In [126]:
# coding: utf-8
"""
tf-idfによるトピックの抽出
"""
from gensim import corpora, models, similarities
import csv
import MeCab
import numpy as np
from sklearn import cluster
import collections

# csvファイルの読み込み
def readcsv(path):
    f = open(path, "rb")
    dataReader = csv.reader(f)
    arr = [row for row in dataReader]
    return arr

def writecsv(arr, path):
    f = open(path, "ab")
    dataWriter = csv.writer(f)
    dataWriter.writerows(arr)
    f.close()
    
def parsing(sentence):
    mecab = MeCab.Tagger("-d /usr/local/lib/mecab/dic/mecab-ipadic-neologd")
    res = mecab.parseToNode(sentence)
    list_words = []
    while res:
        features = res.feature.split(",")
        if (features[0] == "名詞" and features[1] in ["一般", "固有名詞", "サ変接続", "形容動詞語幹"]) or features[0] == "形容詞":
            if features[6] == "*":
                list_words.append(res.surface)
            else:
                list_words.append(features[6])
        res = res.next
    return list_words

# 正規化する関数
def normalize(vector):
    tmp = np.sqrt(np.sum(vector * vector))
    if tmp == 0:
        return vector
    else:
        return vector / tmp

形態素解析して、bag of words を作成

In [112]:
list_corpus = readcsv("./files/file_1.csv")
list_corpuses = [row[1].split("。") for row in list_corpus]
list_corpuses = [sentence for row in list_corpuses for sentence in row]
list_bag_of_words = [parsing(sentence) for sentence in list_corpuses]

辞書をダウンロードして、コーパスにidを振る

In [113]:
dictionary = corpora.Dictionary.load_from_text("./files/dictionary1.txt")
corpus = [dictionary.doc2bow(text) for text in list_bag_of_words]

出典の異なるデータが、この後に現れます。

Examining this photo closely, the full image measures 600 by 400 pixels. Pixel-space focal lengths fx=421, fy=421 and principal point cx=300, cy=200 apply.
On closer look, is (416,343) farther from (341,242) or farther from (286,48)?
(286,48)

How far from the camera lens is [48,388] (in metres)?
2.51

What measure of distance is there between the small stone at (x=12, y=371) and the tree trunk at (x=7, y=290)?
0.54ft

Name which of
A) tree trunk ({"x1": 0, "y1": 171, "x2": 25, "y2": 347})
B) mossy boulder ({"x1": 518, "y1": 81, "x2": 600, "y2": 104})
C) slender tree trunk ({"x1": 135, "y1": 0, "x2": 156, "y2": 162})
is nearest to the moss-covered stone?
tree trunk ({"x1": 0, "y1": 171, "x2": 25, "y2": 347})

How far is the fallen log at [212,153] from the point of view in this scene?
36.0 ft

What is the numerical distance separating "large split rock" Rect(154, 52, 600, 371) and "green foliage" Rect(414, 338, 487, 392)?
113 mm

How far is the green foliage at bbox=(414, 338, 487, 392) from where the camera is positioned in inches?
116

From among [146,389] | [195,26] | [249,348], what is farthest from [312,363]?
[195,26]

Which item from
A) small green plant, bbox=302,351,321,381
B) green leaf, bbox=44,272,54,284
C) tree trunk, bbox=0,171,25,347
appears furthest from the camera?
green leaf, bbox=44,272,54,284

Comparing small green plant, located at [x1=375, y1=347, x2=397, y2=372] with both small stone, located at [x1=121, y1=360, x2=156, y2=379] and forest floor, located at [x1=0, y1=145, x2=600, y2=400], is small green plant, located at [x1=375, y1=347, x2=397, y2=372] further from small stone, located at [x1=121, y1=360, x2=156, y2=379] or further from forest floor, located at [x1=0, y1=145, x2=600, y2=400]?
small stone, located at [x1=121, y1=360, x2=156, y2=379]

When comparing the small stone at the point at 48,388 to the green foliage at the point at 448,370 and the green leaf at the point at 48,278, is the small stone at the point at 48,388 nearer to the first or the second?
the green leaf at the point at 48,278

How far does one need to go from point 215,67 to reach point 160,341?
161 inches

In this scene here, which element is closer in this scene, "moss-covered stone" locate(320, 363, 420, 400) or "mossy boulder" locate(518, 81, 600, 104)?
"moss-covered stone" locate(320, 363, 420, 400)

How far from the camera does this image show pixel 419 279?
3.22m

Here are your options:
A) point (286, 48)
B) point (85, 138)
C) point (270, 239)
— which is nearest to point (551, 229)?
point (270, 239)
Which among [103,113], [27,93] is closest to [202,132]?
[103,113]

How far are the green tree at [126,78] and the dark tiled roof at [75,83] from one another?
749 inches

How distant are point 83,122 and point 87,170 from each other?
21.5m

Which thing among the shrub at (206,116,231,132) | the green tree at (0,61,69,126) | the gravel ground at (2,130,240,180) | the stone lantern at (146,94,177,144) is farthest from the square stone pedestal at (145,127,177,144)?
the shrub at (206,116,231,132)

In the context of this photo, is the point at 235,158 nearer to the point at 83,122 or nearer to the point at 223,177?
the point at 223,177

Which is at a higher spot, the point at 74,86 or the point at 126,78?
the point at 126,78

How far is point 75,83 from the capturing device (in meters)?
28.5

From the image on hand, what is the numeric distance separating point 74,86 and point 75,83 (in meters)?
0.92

tfidfモデルを作成して、計算、スパースマトリックスを変換する

In [115]:
tfidf = models.TfidfModel(corpus)
tfidf_corpus = [tfidf[corpus[i]] for i in range(len(corpus))]
tfidf_corpus_rev = np.zeros((3224, 1109))
for i, row in enumerate(tfidf_corpus):
    for j in row:
        tfidf_corpus_rev[i][j[0]] = j[1]
tfidf_corpus_rev = [normalize(row) for row in tfidf_corpus_rev]

階層クラスタリングにより、tf-idfをクラスタリング

In [117]:
hieral = cluster.AgglomerativeClustering(n_clusters=13, affinity='euclidean', linkage='ward')
result = hieral.fit_predict(tfidf_corpus_rev)

作成したクラスタの中でbag-of-wordsを作成する

In [119]:
dict_cluster_word = collections.defaultdict(list)
for i, num in enumerate(result):
    for word in list_bag_of_words[i]:
        dict_cluster_word[num].append(word)

クラスタ内の単語を頻度順に表示

In [123]:
num = 13
list_word = sorted(collections.Counter(dict_cluster_word[num]).items(),
                   key=lambda x: x[1], reverse=True)
for word in list_word:
    print word[0]